The children have a risk of pancreatic cancer with hereditary forms of pancreatitis, and because of their small duct size, endoscopic management of the disease does not work well. When ducts are drained and portions of the pancreas are resected, there is about a 50 percent rate of recurrence of the pain.
But a total pancreatectomy, along with auto islet transplantation, can work in children, Dr Chinnakotla said.
The University of Minnesota Medical Center was the first institution to perform the procedure, back in 1977. Since then, the centre has performed more than 400 of the procedures, 54 of them on children.
To be eligible for the procedure, children must have pancreatitis that has caused narcotic dependence or repeated relapsing, along with pain that affects their quality of life. Also, endoscopic stenting must have already failed, imaging studies must have demonstrated chronic pancreatitis, and they must be non-diabetic or C peptide-positive.
In the procedure, the entire pancreas is removed. Then, in order to prevent almost certain diabetes, islet cells are removed from the pancreas and re-introduced to the body.
Among the 54 paediatric patients, one suffered an early death, within 30 days, because of sepsis.
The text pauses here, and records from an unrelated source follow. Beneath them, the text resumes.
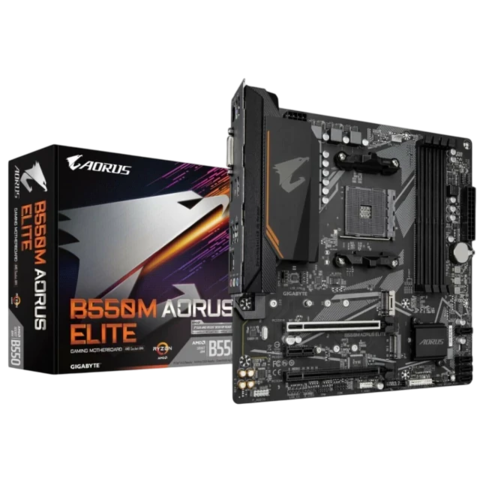 MOTHERBOARD GIGABYTE AM4 B550M AORUS ELITE 1.3
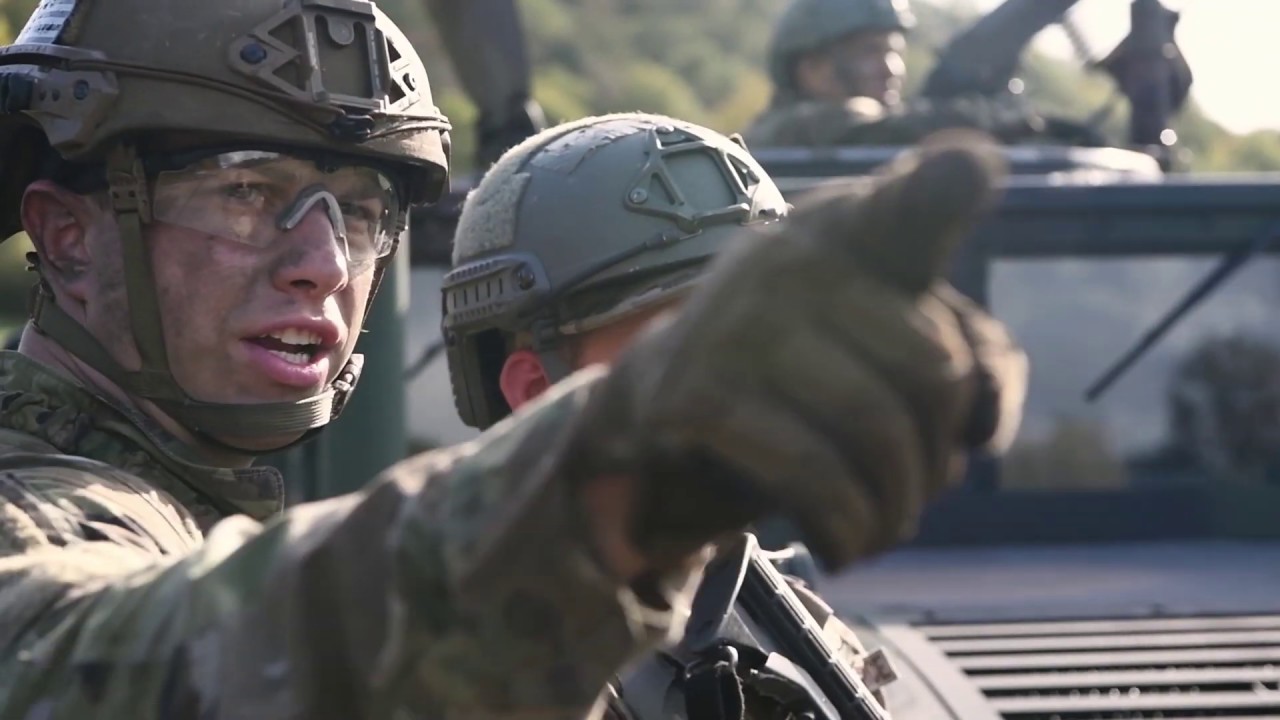 USAF Security Forces - Tier Two Sustainment Training - YouTube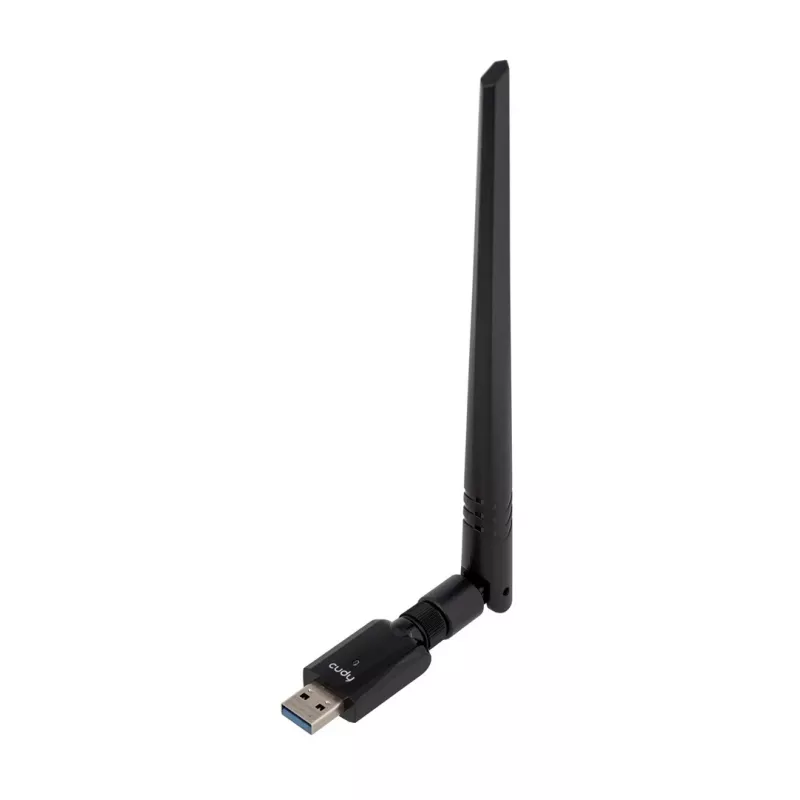Belaidis USB adapteris Cudy WU1400 Wi‑Fi 5 867 Mbit/s dviejų juostų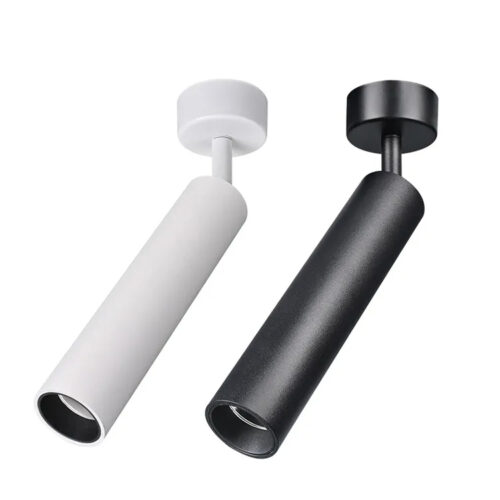 Surface Mount Honeycomb Anti Glare Track Lighting System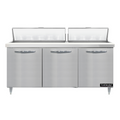 Continental D72N18 Refrigerated Counter, Sandwich / Salad Unit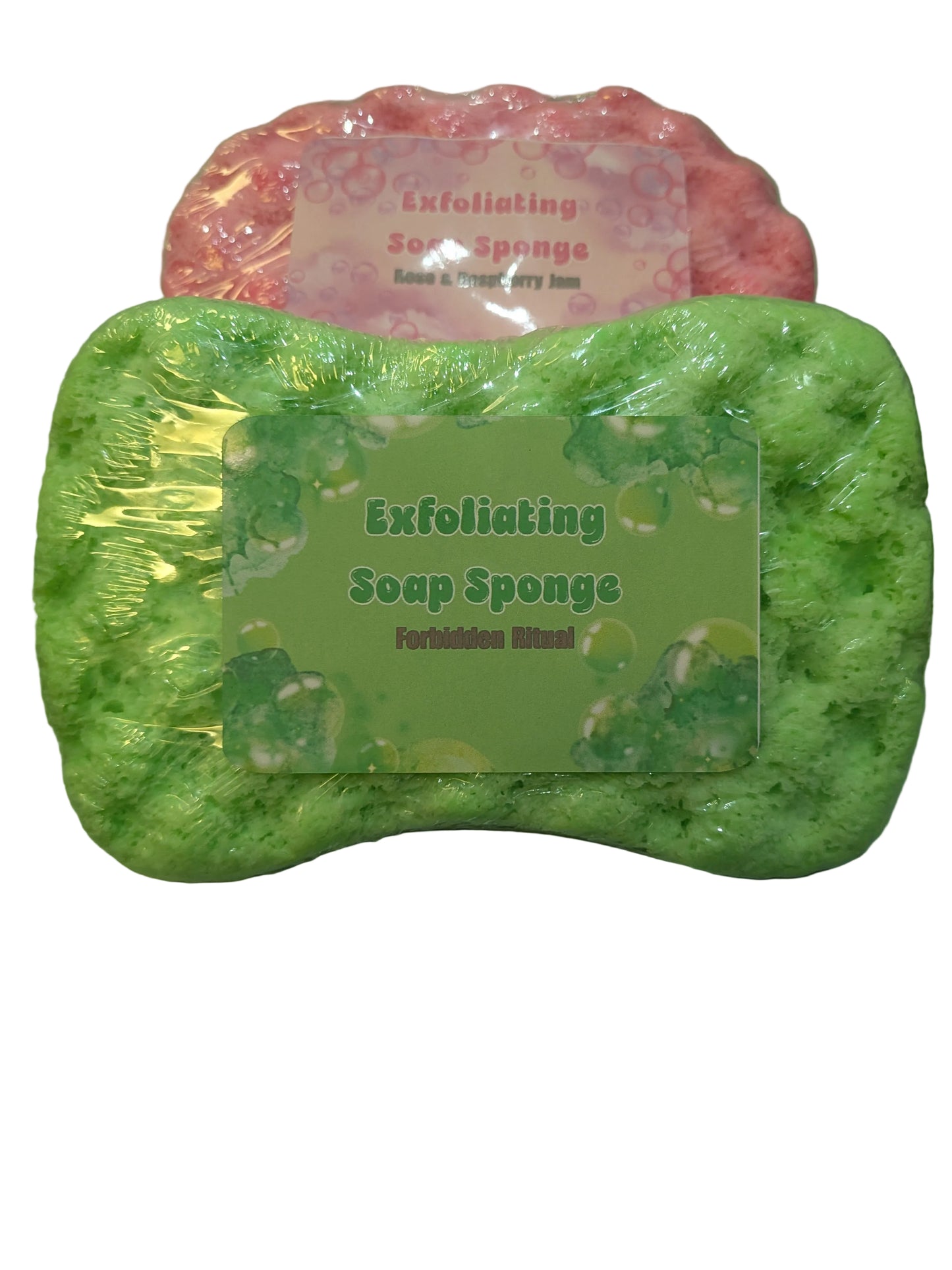 Exfoliating Soap Sponge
And two more deaths occurred after one year — one because of acute respiratory distress syndrome after a subsequent spinal procedure and one due to a cause that isn’t known.
The most encouraging result was that just 4 of the patients were using narcotics for pain after the procedure, with 4 additional patients getting weaned from narcotics. The rest were narcotics-free, even though all of the patient had been using narcotics before the procedure.
Twenty of the patients, or 44 percent, were off insulin.
While 80 percent of the children reported missing school because of health problems before the procedure, less than 20 percent reported this 24 months or more after the procedure. Patients also reported that the number of days they had their activity limited after the procedure was just a third of the number of days they reported limited activity before the procedure.
Overall, 25 percent of the patients had early surgical complications, but none were long-term complications.
“Clearly any previous operation — and especially Puestow (procedure in which the pancreas is made to drain directly into the intestines),” Dr Chonnikotla said, “results in low islet yield and less insulin.”